Fitz: May, May! You’re the only other one who knows about the Inhumans we tested.
And with that discovery, that Fitz is not going to drop Simmons in the real world and start dating her, we say so long to the short-lived new AIDA. But let’s be real, new AIDA was only going to last as long as Fitz did exactly as she wished. Oh and by the way, AIDA’s abilities aren’t limited to the transportation Inhuman powers we saw last week. As Fitz says to May–“you’re the only one who knows the experiments we did in there” Turns out those experiments were to give all of those abilities to AIDA’s new body. Included in her upgraded package are: superhuman strength, serious speed, the ability to control electricity, and super healing powers to survive a gun and a half’s worth of bullet wounds. AIDA is unstoppable–and now she’s ready to take the Darkhold and make the world of the framework come true right here in the real world.

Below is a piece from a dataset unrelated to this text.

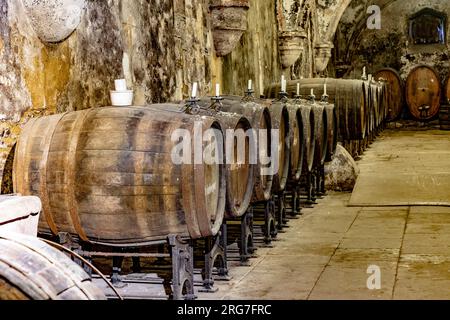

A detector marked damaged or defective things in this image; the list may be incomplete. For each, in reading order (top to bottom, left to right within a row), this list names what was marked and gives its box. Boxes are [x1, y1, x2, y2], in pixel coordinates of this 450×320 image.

I had hoped last week when we saw her and Fitz teleport away that she was taking him back to the Framework. No such luck there, but for those who were worried we were done with the Framework, take heart. While Coulson was trying to explain to Talbot about the Framework, and the robots and AIDA and all the rest, YoYo went back into the Framework after Mack, to get him to put down the pixels called Hope and come back to reality. This week’s bumper gives us a glimpse of insane the Framework has gone, with Hydra’s top three (Madame Hydra, Fitz and May) all having taken their leave of the program–YoYo wakes up in a Hydra lab that’s on fire and clearly under attack, where she was belted down and being experimented on. How does she get out of that, and find Mack? Dunno, but she’s only got an hour to get it done.
Meanwhile, with the main cast on the Zephyr and trying to figure out how to take AIDA down, back in the ruins of the base, that doorway to that other dimension–the one Reyes and his Uncle headed off to, remember?–opens up. And the Ghost Rider, head on fire and all, walks back through.